China deve "reflectir" sobre a sua relação com Moscovo
Pequim deve refletir sobre a sua relação com Moscovo, apesar da rivalidade comum com o Ocidente, defenderam hoje analistas chineses, numa altura em que a China enfrenta críticas, devido à posição ambígua na guerra na Ucrânia.
Liu Weidong, investigador no Instituto de Estudos Americanos da Academia Chinesa de Ciências Sociais (CASS), argumentou que Moscovo tentou "aproveitar-se" de Pequim, antes e depois do início do conflito.
"A Rússia está a tentar usar unilateralmente a China, mas não quer ser usada pela China", observou o académico, durante um fórum organizado pela Academia Nacional de Desenvolvimento e Estratégia da Universidade Renmin, situada no norte da cidade de Pequim.
Em fevereiro de 2022, duas semanas antes do início da invasão russa, os líderes russo e chinês, Vladimir Putin e Xi Jinping, respetivamente, proclamaram uma "amizade sem limites" entre os dois países, durante um encontro em Pequim.
A declaração conjunta opôs-se ao alargamento da NATO na Europa de leste, numa tomada de posição inédita por um líder chinês sobre a arquitetura de segurança europeia.
Desde o início da guerra na Ucrânia, a China manteve uma posição ambígua, na qual apelou ao respeito pela "integridade territorial de todos os países", incluindo a Ucrânia, e atenção às "preocupações legítimas de todos os países", em referência à Rússia.
"O que a [China] quer é uma cooperação com benefícios mútuos sob a premissa do não-alinhamento", disse Liu, questionando se a relação sob esses termos pode ser alcançada com Moscovo.
O investigador afirmou que os Estados Unidos estão a tentar unir os dois países em várias questões, visando induzir uma aliança entre Pequim e Moscovo.
Se tal aliança for estabelecida, acabará por resultar numa "exaustão mútua, em vez de cooperação", previu.
A invasão da Ucrânia pela Rússia colocou a amizade "sem limites" entre Pequim e Moscovo sob observação atenta e a China enfrenta pressão crescente, devido à sua recusa em condenar a Rússia.
A China partilha com a Rússia a defesa por uma nova ordem mundial multipolar, apontando a redistribuição de poder, em contraposição com a "hegemonia" norte-americana. Pequim enfrenta também um sistema de alianças norte-americano juridicamente vinculativo na região do Indo-Pacífico, que inclui Japão, Austrália ou Taiwan, a ilha que Pequim reivindica como uma província sua.
Mas as ações russas violam princípios de longa data da China em questões de soberania, integridade territorial e não interferência.

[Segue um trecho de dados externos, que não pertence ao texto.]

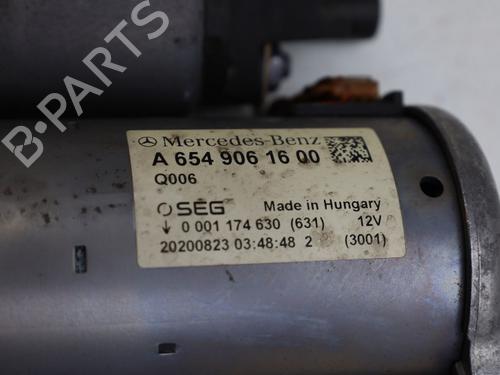 Starter MERCEDES-BENZ GLE (V167) GLE 350 de 4-matic (167.117) | BP37724618M8  - Image 6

A China não reconheceu a Crimeia ou as outras quatro regiões anexadas da Ucrânia como território russo, mas a guerra e as subsequentes sanções ocidentais contra Moscovo não impediram que os laços entre os dois países vizinhos se fortalecessem em várias áreas.
O comércio bilateral entre a China e a Rússia subiu 40,7%, nos primeiros cinco meses do ano, face ao mesmo período do ano anterior.
Durante o mesmo período, o comércio entre os EUA e a China - as duas maiores economias do mundo - encolheu 12,3%, de acordo com os últimos dados divulgados pela Administração Geral das Alfândegas da China.
Altos funcionários dos dois países concordaram também em realizar mais exercícios conjuntos, apenas alguns dias após aviões militares chineses e russos terem realizado uma missão de patrulha conjunta sobre os mares do Japão e do Leste da China.
Zuo Xiying, professor de relações internacionais da Universidade Renmin, argumentou também que a China deve equilibrar o seu relacionamento com a Rússia, como forma de neutralizar a estratégia de Washington de unir os países aliados para conter Pequim.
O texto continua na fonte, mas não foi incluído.